--- About this task ---
Could you please reproduce the entries exactly, leaving out any pictures?

╔══

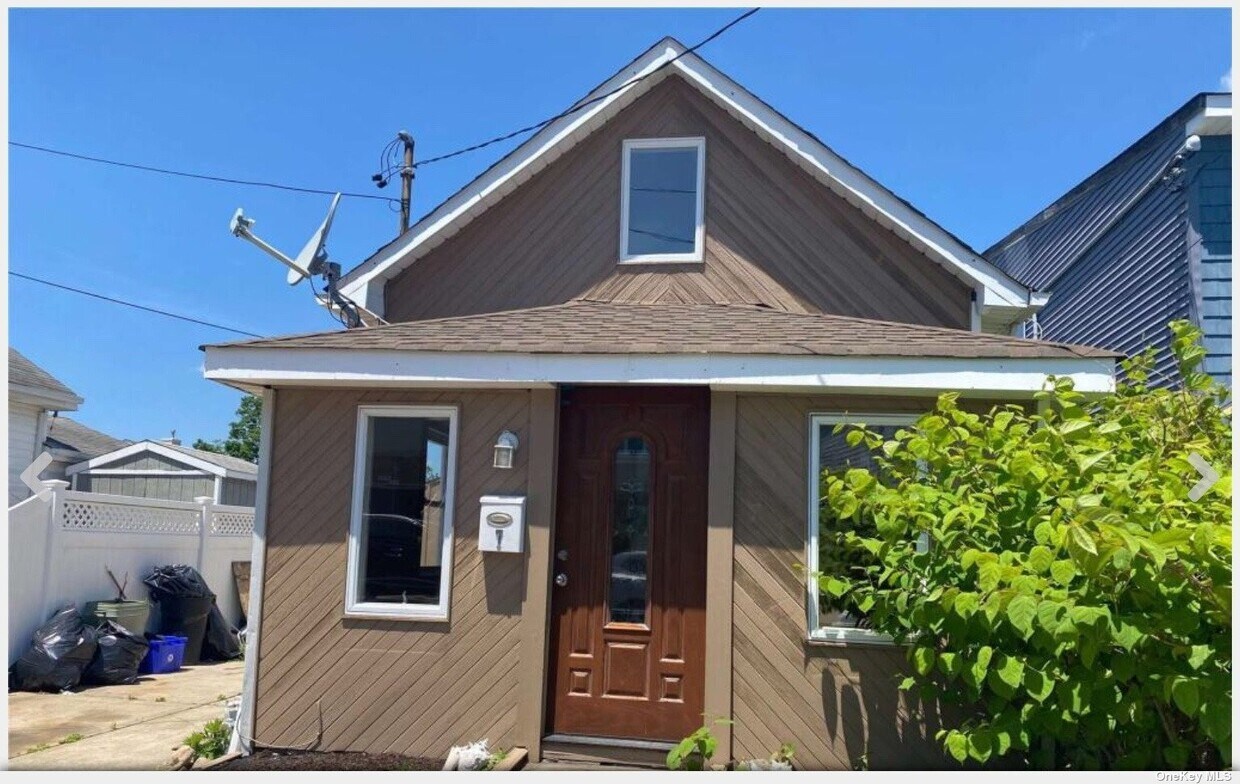 7 Washington St, Baldwin, NY 11510 House for Rent in Baldwin, NY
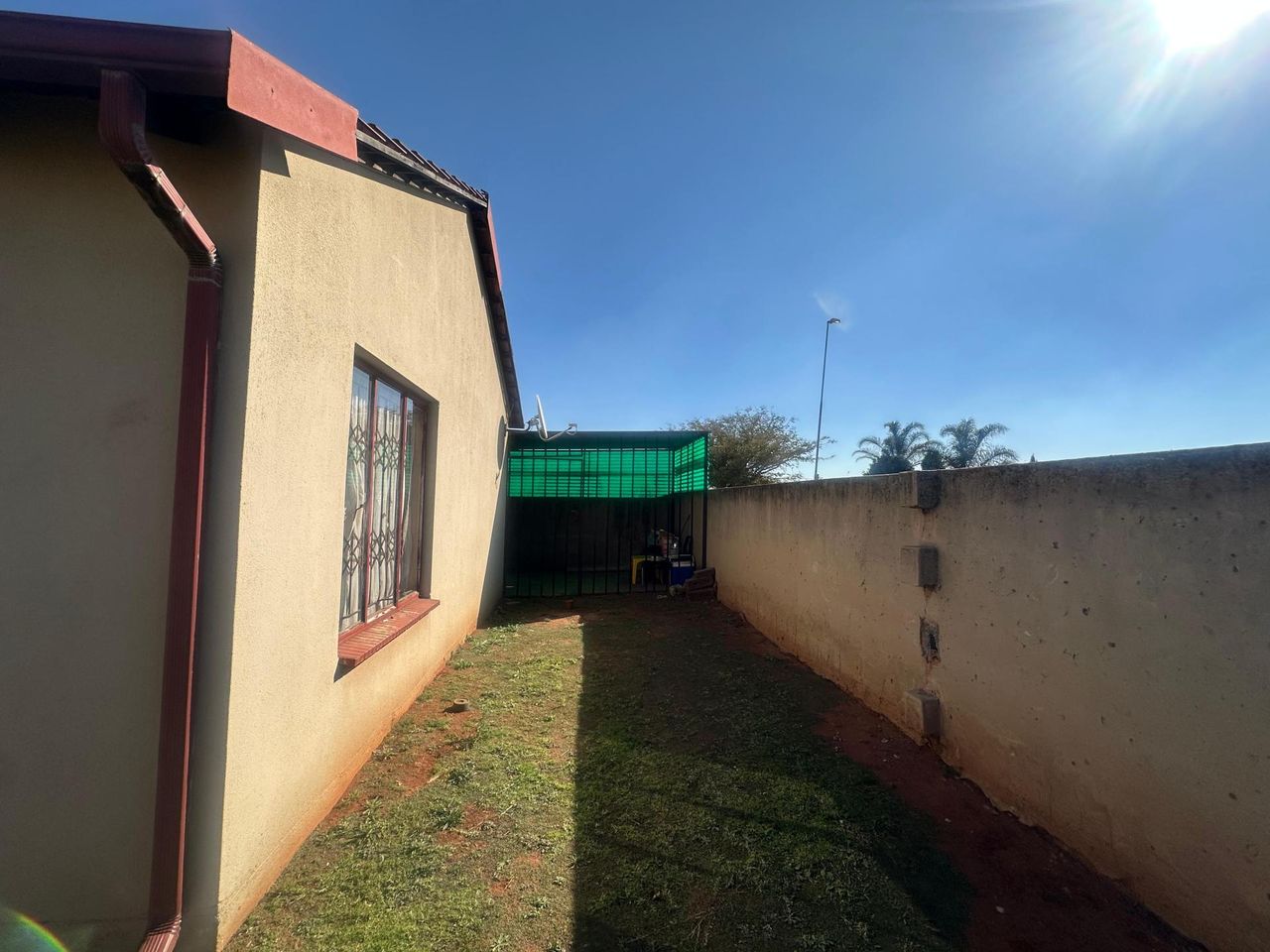 Photo 14 of 16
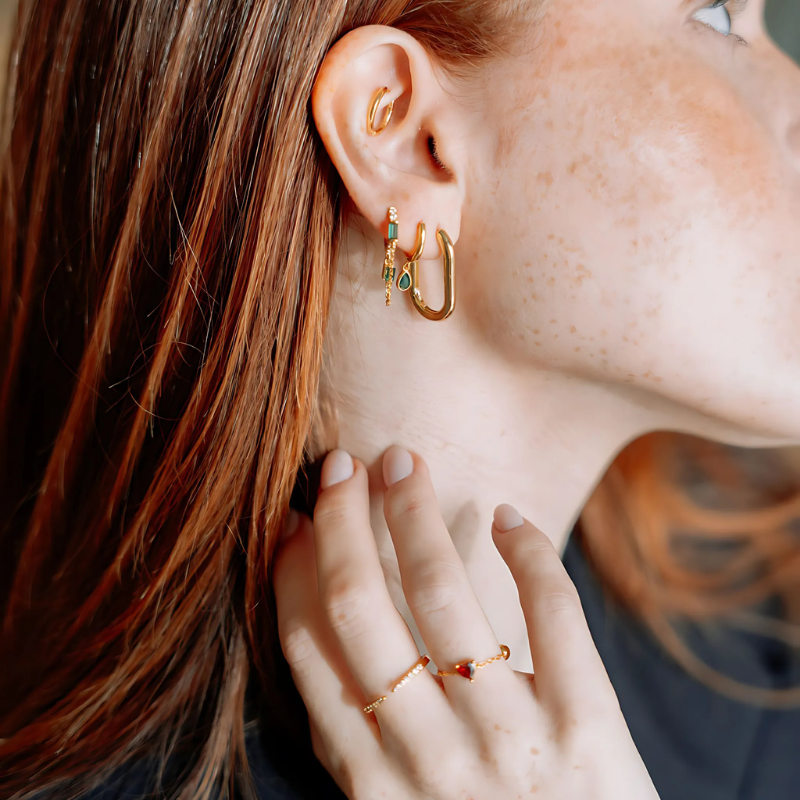 créoles   Hailey gold  de Luxlab Collection argent 925 plaqué or 18K 3 microns vue portée avec une boucle PALMA et une mono boucle VENUS 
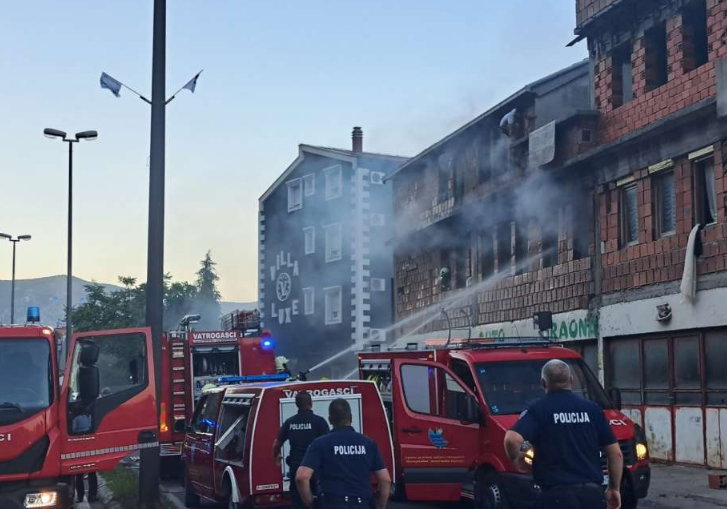 Gori kuća u Mostaru, vatrogasci na terenu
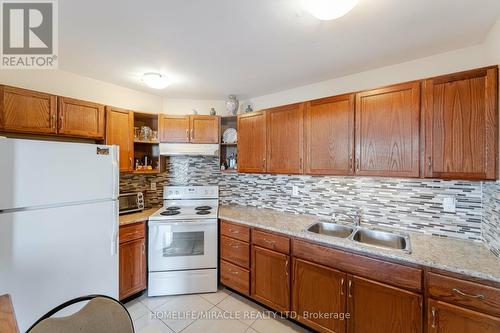 #809 -335 Driftwood Ave, Toronto, ON - Indoor Photo Showing Kitchen With Double Sink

╚══

--- Answer space ---
 7 Washington St, Baldwin, NY 11510 House for Rent in Baldwin, NY
 Photo 14 of 16
 créoles   Hailey gold  de Luxlab Collection argent 925 plaqué or 18K 3 microns vue portée avec une boucle PALMA et une mono boucle VENUS 
 Gori kuća u Mostaru, vatrogasci na terenu
 #809 -335 Driftwood Ave, Toronto, ON - Indoor Photo Showing Kitchen With Double Sink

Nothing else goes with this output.